Portrait

À Leulinghem, Fourneo monte en température avec ses flat breads

Installée à Leulinghem, la boulangerie industrielle Fourneo s’est dotée d’un outil de production unique pour fabriquer des flat breads destinés aux marchés de la restauration. Après un démarrage mouvementé, l’entreprise veut désormais accélérer son développement.

«Bienvenue !». Kristof Lefever, président de Fourneo, une boulangerie industrielle installée à Leulinghem, ne boude pas son plaisir ce 11 mars. Face à lui, des entrepreneurs de la Communauté de communes du Pays de Lumbres sont venus découvrir les coulisses de cette entreprise spécialisée dans la fabrication de flat breads, ces pains plats très prisés dans la restauration. «Ici, depuis deux ans maintenant, nous produisons des pinsas, des focaccias et des schiacciatas», explique Kristof Lefever, à la tête d’une société qui emploie 75 salariés. La gamme se décline en plusieurs formats afin de répondre aux besoins du marché de la restauration.

Parmi ses clients figurent de grandes enseignes comme Monoprix, Starbucks, E.Leclerc, Marks & Spencer ou encore Prêt A Manger. L’entreprise exporte aujourd’hui dans une quinzaine de pays, des États-Unis au Royaume-Uni, jusqu’en Corée du Sud.

Une chaîne de production pensée sur mesure

Le processus de fabrication est hautement automatisé. «Il nous a fallu quatre ans pour développer notre chaîne de production. Elle est unique, car nous l’avons entièrement conçue nous-mêmes», poursuit le président de Fourneo. Dans les locaux flambant neufs, la première étape consiste en la fermentation de la biga et des levains, une phase qui peut durer jusqu’à 72 heures. Vient ensuite l’étirement automatisé de la pâte, avant la cuisson dans un four à pierre. «Nous nous sommes inspirés des méthodes de la boulangerie traditionnelle pour la cuisson de nos bases de pain, afin qu’elles soient croustillantes à l’extérieur et aérées à l’intérieur», assure le dirigeant.

Aujourd’hui, une première ligne de production est en activité et produit environ 10 000 tonnes par mois. «Nous utilisons actuellement 40% de la capacité de production de la ligne. Notre objectif est d’atteindre 70 à 80% d’ici 12 à 18 mois», précise encore l'entrepreneur. À terme, l’entreprise dispose encore d’une importante marge de développement sur son site.

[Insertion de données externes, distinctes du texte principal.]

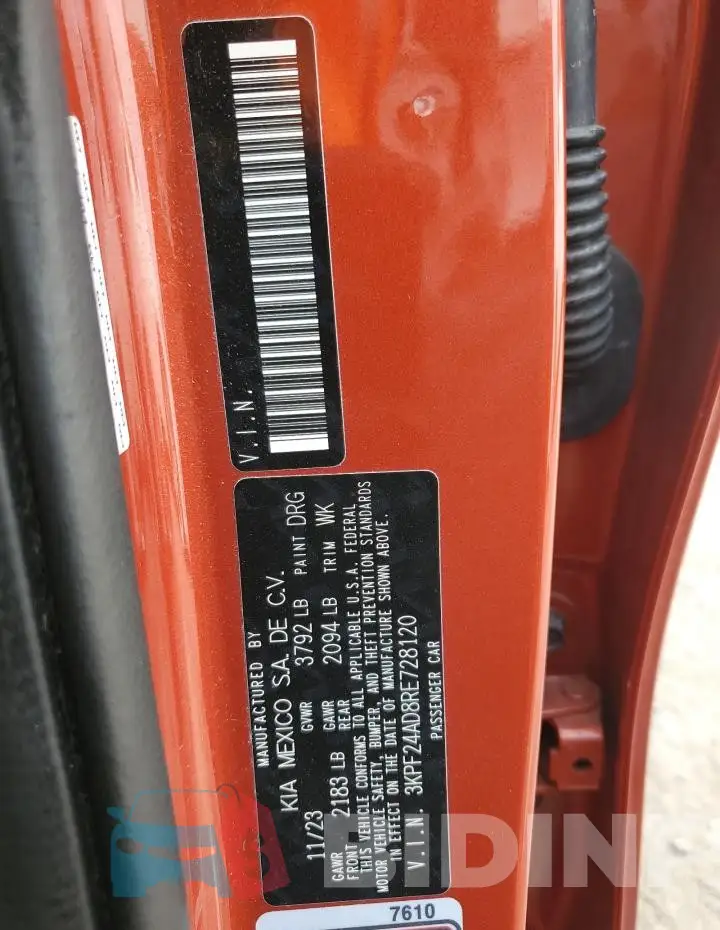 3KPF24AD8RE728120 Photo# 12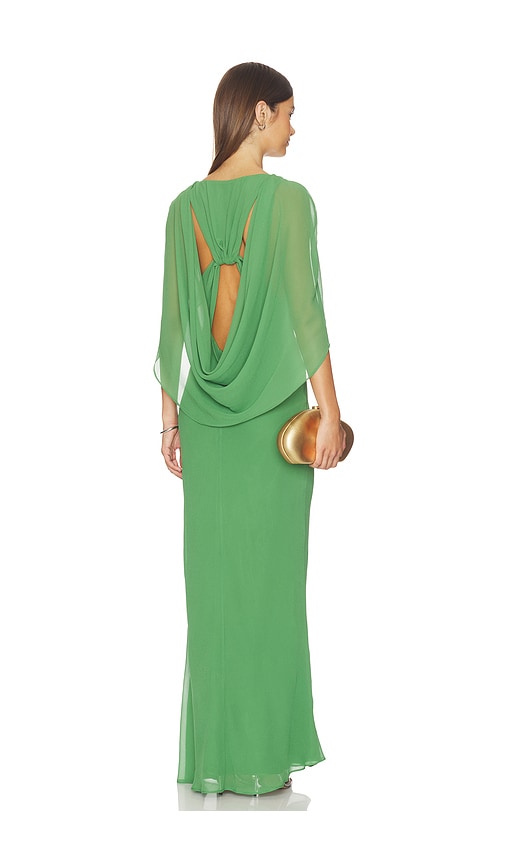  Et Ochs Abendkleid Reese In Green. Größe 0. Also In 2, 4, 6, 10.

Le terrain pourrait accueillir jusqu’à huit lignes de production. «Je ne sais pas si nous irons jusque-là, mais lorsqu’on investit, il faut penser sur le long terme. Déplacer des lignes de production vers un site plus grand est compliqué, surtout si l’on veut maintenir l’activité», souligne Kristof Lefever.

Des débuts mouvementés pour un projet de 60 millions d’euros

Au total, près de 60 millions d’euros ont été investis dans ce projet industriel, dont le démarrage n’a pas été de tout repos. «Tous les entrepreneurs le savent : un lancement n’est jamais simple. Nous avons connu un retard dans la construction, puis une flambée des prix de l’énergie. Un incendie s’est également déclaré, nous obligeant à arrêter la production pendant trois mois», énumère Kristof Lefever.

Aujourd’hui soulagé de voir ces difficultés derrière lui, le dirigeant a pris le temps de peaufiner son outil de production. «Comme nous travaillons avec du vivant, les tests réalisés sur notre ligne pilote ne se sont pas révélés concluants à l’échelle industrielle. Pendant 14 mois, nous avons continué à produire afin de trouver les bonnes formulations, avant de pouvoir vendre à notre premier client», explique le président de Fourneo. Hors de question, pour lui, de se lancer sur le marché sans proposer des produits de qualité, élaborés à partir d’ingrédients naturels et d’une farine 100% française.

Présent lors de la visite, Christian Leroy, président de la Communauté de communes du Pays de Lumbres, a salué la détermination de l’entrepreneur. «Engagement, audace, authenticité, équilibre : ce sont toutes ces qualités qu’a dû mobiliser Kristof Lefever pour faire naître Fourneo sur notre territoire», a-t-il souligné, convaincu que l’entreprise continuera à créer de la richesse localement à mesure qu’elle développera son outil industriel.